**Exercise brief**: Print exactly the lines below between the line containing "Now, for those" and the line containing "I then picked", counting both of those lines. Leave pictures out.

**Exercise data**:
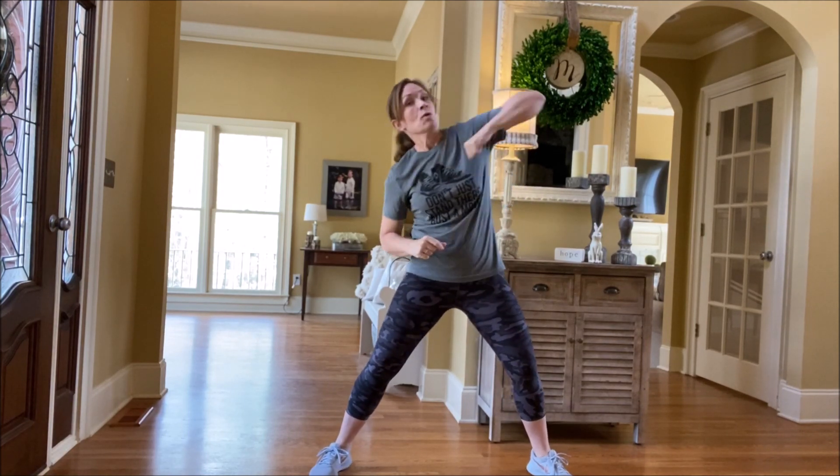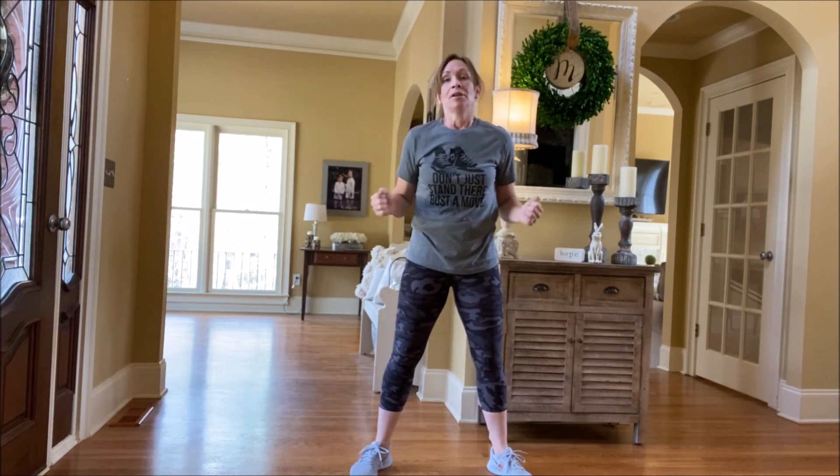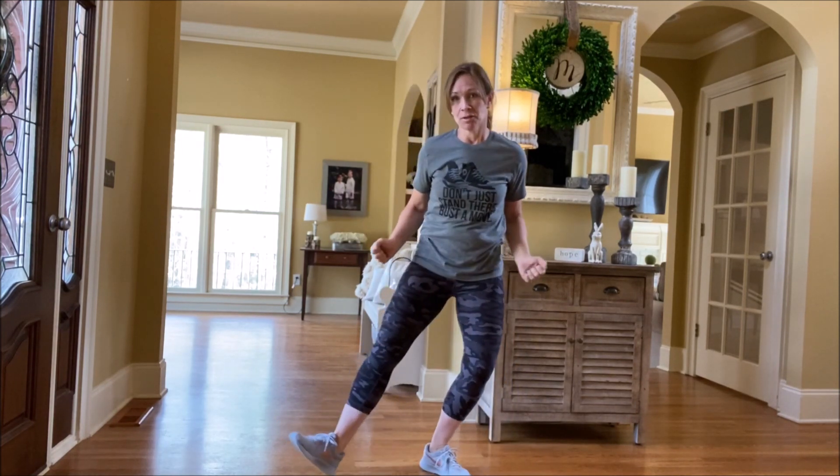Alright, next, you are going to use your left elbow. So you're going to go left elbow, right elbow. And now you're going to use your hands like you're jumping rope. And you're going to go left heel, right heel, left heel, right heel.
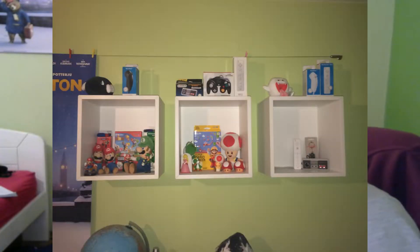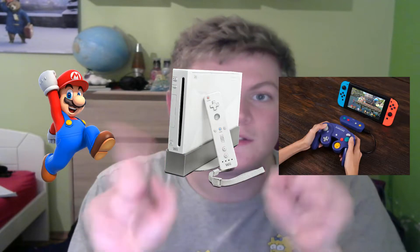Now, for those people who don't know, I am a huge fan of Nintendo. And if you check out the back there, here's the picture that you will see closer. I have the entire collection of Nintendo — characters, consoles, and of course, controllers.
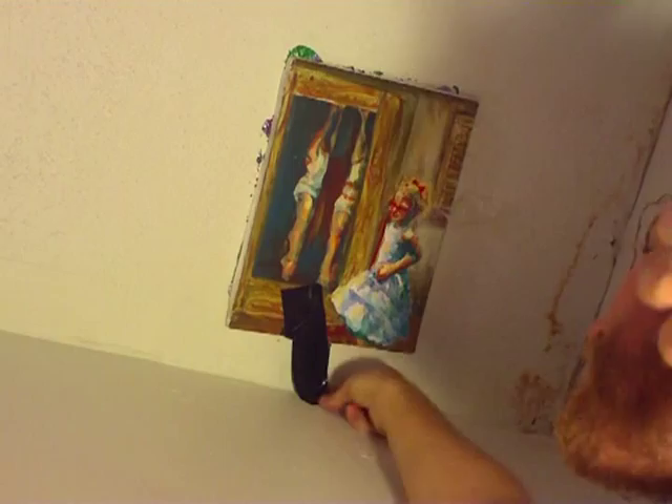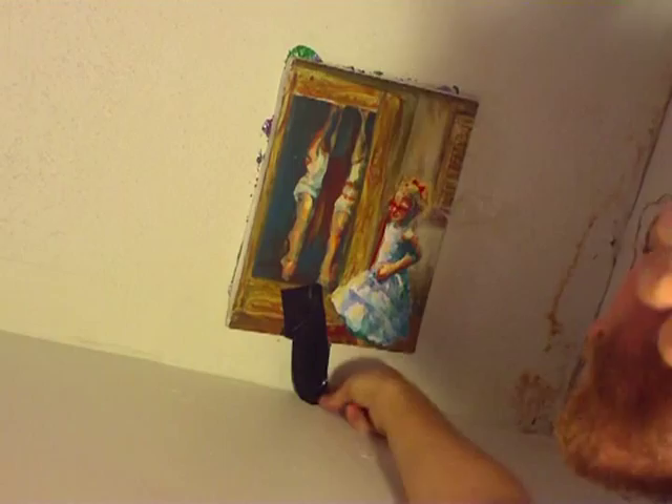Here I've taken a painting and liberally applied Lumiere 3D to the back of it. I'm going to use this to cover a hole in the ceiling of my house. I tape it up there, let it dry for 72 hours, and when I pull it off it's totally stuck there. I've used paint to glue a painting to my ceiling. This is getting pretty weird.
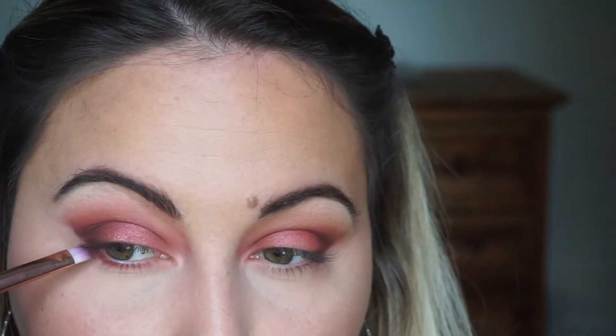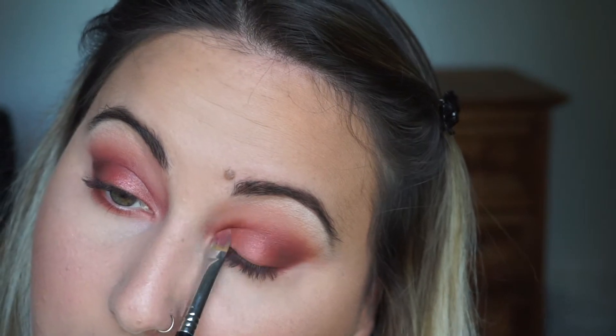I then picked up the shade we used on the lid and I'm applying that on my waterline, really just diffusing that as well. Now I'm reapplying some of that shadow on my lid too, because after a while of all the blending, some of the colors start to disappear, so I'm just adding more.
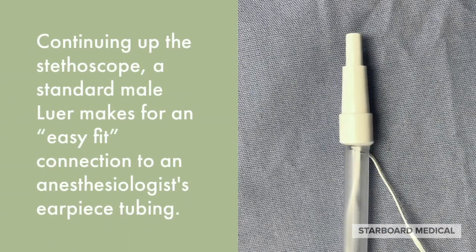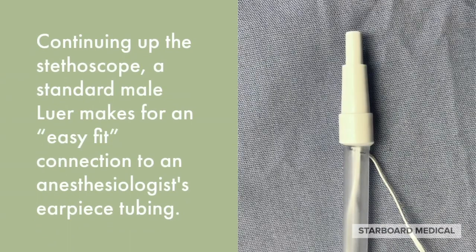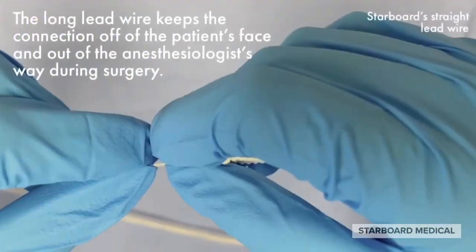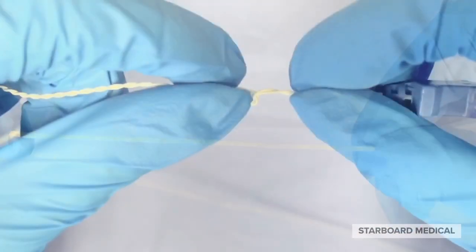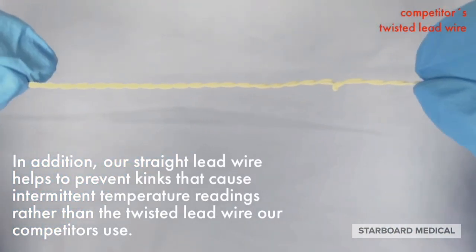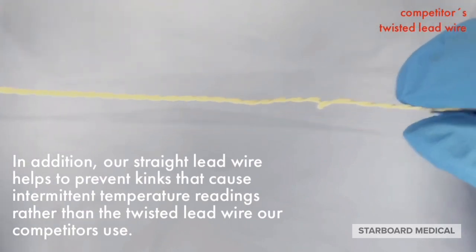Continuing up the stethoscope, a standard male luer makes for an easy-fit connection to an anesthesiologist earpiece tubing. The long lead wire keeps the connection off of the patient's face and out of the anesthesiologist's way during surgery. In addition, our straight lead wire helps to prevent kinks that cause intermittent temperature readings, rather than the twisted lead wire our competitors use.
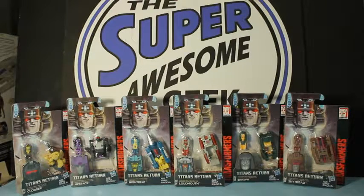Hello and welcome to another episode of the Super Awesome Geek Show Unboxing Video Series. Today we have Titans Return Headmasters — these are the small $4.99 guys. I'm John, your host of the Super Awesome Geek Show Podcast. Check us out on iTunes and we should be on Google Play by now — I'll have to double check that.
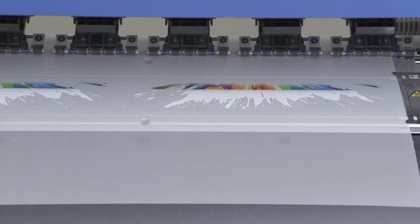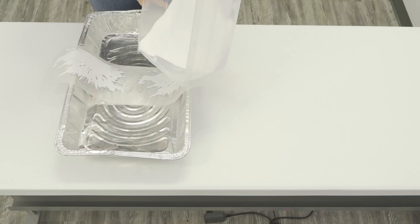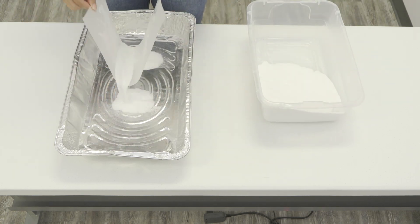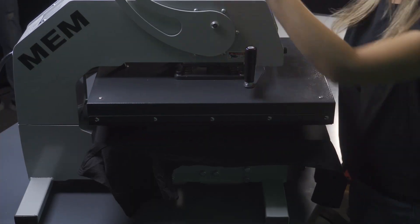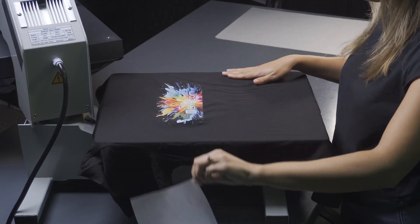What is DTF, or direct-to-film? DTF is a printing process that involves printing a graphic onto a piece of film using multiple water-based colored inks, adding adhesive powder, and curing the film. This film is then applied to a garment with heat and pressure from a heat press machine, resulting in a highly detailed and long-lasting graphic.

* * *

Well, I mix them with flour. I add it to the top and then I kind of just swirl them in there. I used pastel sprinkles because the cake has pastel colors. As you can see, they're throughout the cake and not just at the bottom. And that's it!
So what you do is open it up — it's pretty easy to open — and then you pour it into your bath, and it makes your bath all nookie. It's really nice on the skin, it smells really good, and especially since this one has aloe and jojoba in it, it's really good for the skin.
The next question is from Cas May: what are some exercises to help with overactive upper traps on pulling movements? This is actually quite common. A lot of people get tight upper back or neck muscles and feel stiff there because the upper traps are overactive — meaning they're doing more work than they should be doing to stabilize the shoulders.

**Your response**:
Now, for those people who don't know, I am a huge fan of Nintendo. And if you check out the back there, here's the picture that you will see closer. I have the entire collection of Nintendo — characters, consoles, and of course, controllers.
Here I've taken a painting and liberally applied Lumiere 3D to the back of it. I'm going to use this to cover a hole in the ceiling of my house. I tape it up there, let it dry for 72 hours, and when I pull it off it's totally stuck there. I've used paint to glue a painting to my ceiling. This is getting pretty weird.
I then picked up the shade we used on the lid and I'm applying that on my waterline, really just diffusing that as well. Now I'm reapplying some of that shadow on my lid too, because after a while of all the blending, some of the colors start to disappear, so I'm just adding more.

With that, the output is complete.